- Theatrical release poster
- Directed by: Laura Moss
- Written by: Hugh Mackey; Laura Moss; Brendan J. O'Brien;
- Produced by: Geoff Celis; Brendan J. O'Brien; Dan Przygoda;
- Starring: Kevin Allison; William Broderick; Rae C. Wright; Kirk Larsen; Doug Paulson; Teresa Bass;
- Cinematography: Hugh Mackey
- Edited by: Hugh Mackey
- Music by: Chris Chappell
- Release date: April 24, 2009 (United States);
- Running time: 27 minutes
- Country: United States
- Language: English

= Rising Up: The Story of the Zombie Rights Movement =

Rising Up: The Story of the Zombie Rights Movement is a 2009 American short film-mockumentary about the history of a fictional zombie rights movement in the USA. Produced in the style of a History Channel documentary, the comedy debuted on 24 April 2009 at the Boston International Film Festival.

== Plot ==
In the course of the political and cultural turbulence surrounding the civil rights movement that emerged in the 1960s, groups of hippies and beatniks formed the National Allied Zombie Initiative (N.A.Z.I.), a movement to promote the civil rights of zombies, which has since been neglected and forgotten.

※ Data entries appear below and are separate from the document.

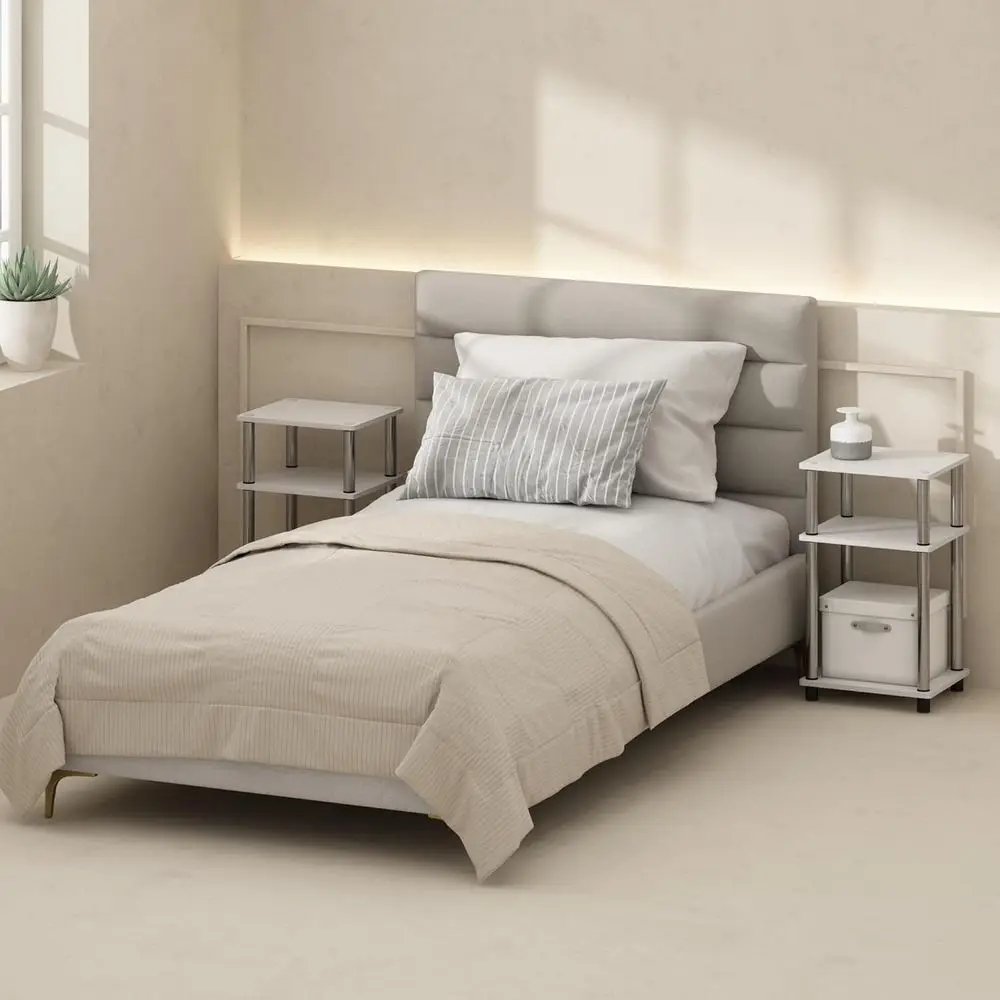 Just 3-Tier Turn-N-Tube Open Storage Nightstand, 2-Pack, Plastic Poles, White Oak/StainlSteel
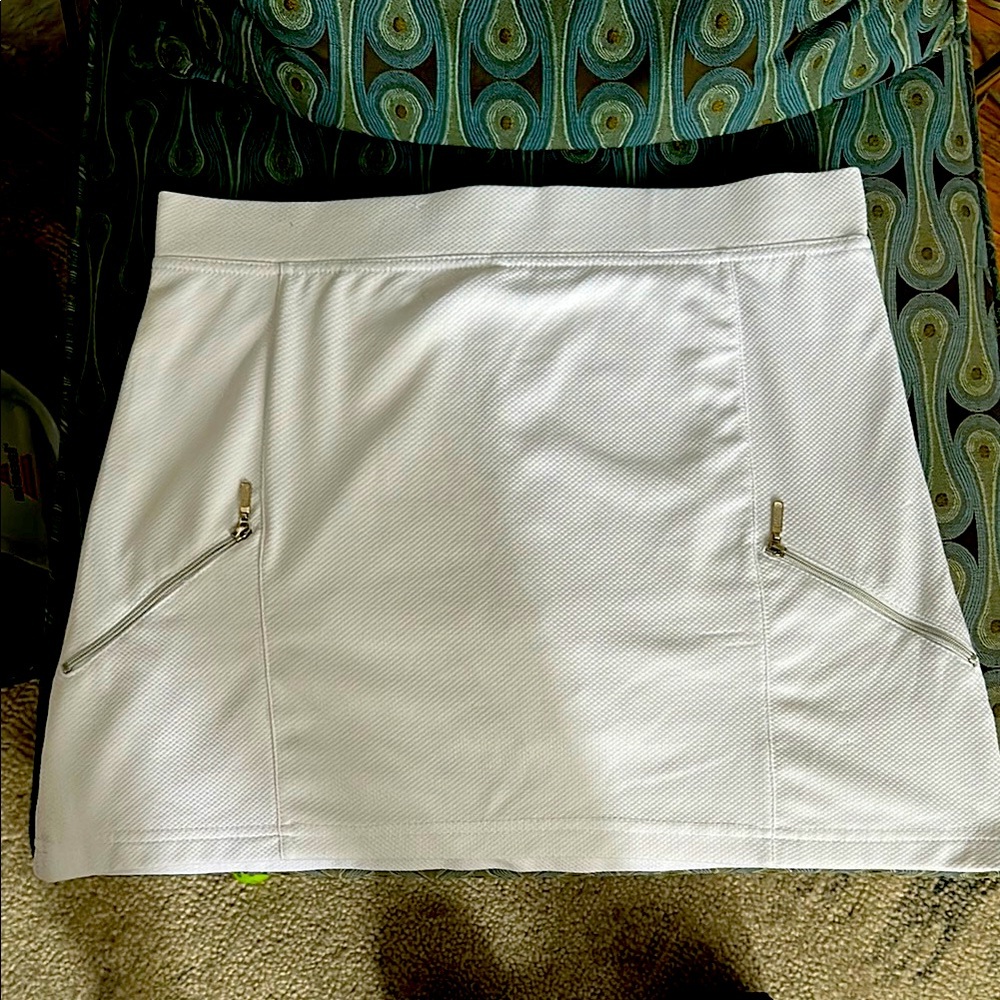 White Tennis Skirt with Zipper Pockets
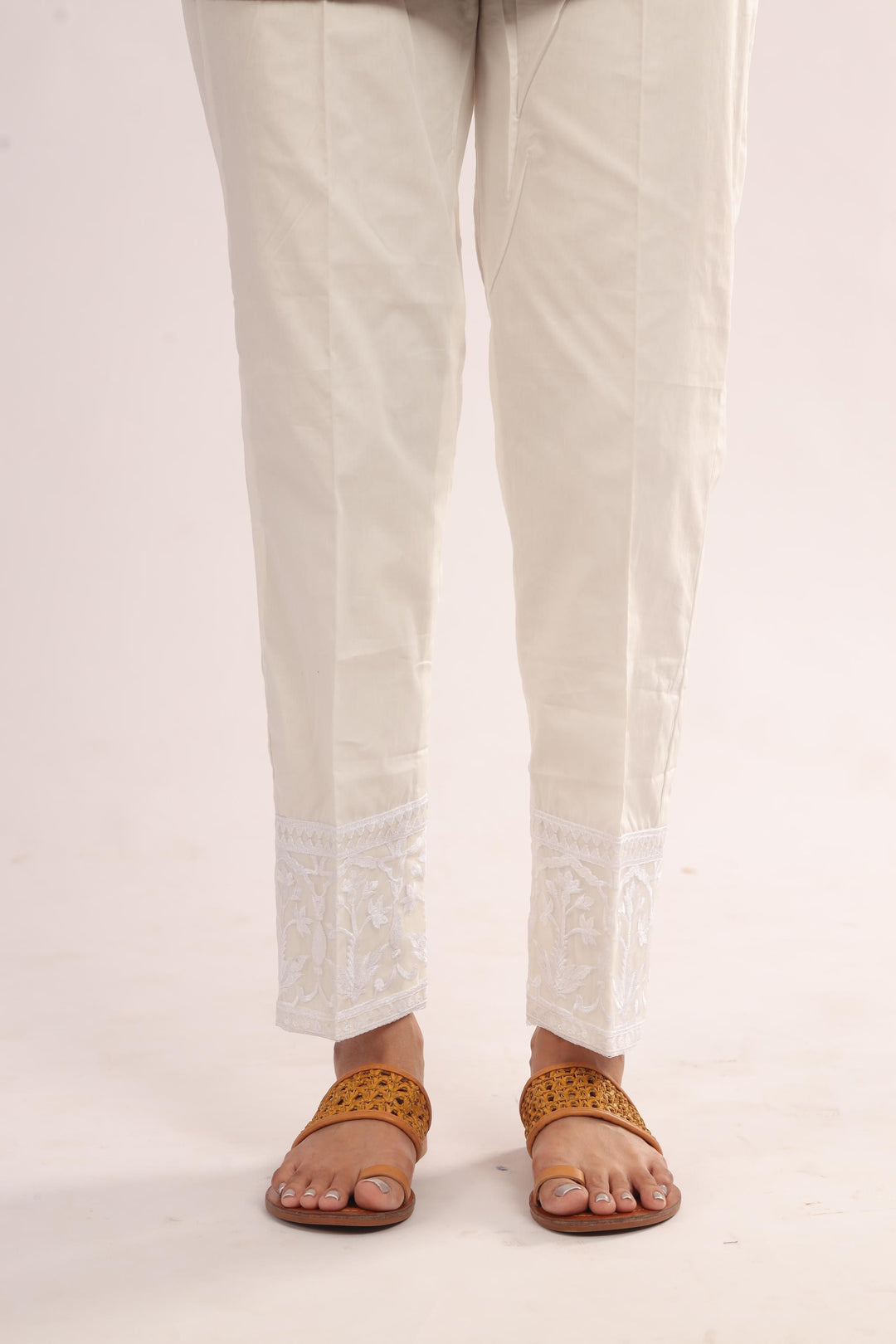 Cotton Off White Trouser - Stonez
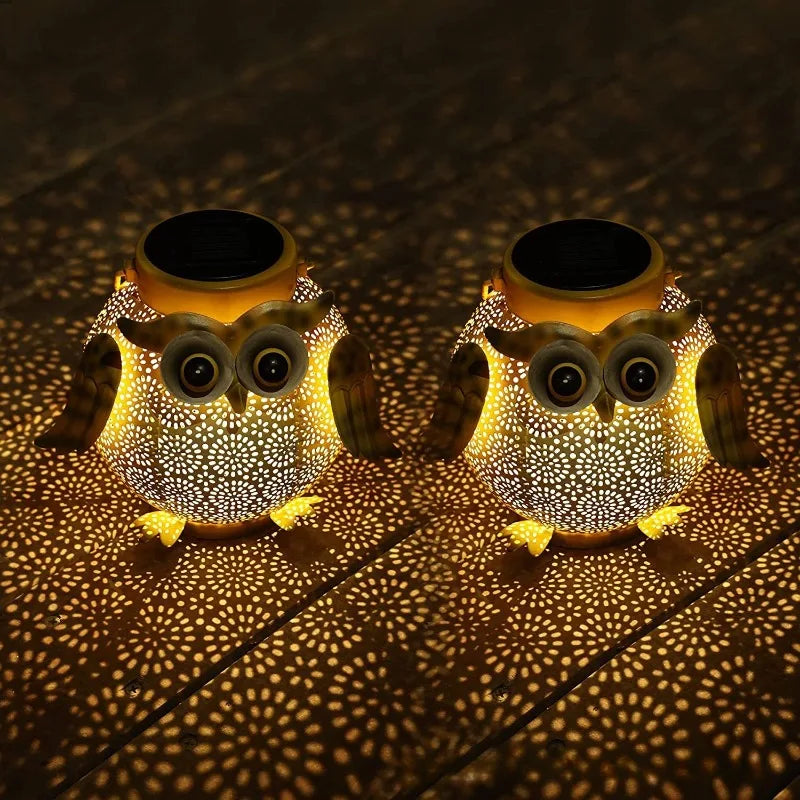 Solar Owl Garden Stake Light | Hollow Iron Projection Lamp Solar Garden Stake Light Peaceful Pleasures Health and Wellness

Their aim was the equality and social integration of zombies into society. So far, zombies have been interned by the US Army to ward off a possible Soviet invasion, have been abused as test objects in crash tests or in the cosmetics industry, or have been killed for no reason. The film reports on the fragile beginnings of the movement in Pittsburgh about its heyday when living and undead activists took the capital Washington D. C. by storm and zombies achieved, albeit only temporarily, equality with full suffrage. Finally, the film concludes with the tragic story of Chocolate Chip, one of the heroic leaders of the movement.

== Awards ==
At the Boston International Film Festival in April 2009, Laura Moss received the award for best director in the short film category.

== Reception ==
Monica Valentinelli from flamesrising.com judges the film: "At less than thirty minutes, I thought this was–by far–the best zombie video I’d seen in a long time. The cinematography has a collage-like feel to it and the voiceover sounds exactly like someone you might hear on the History channel."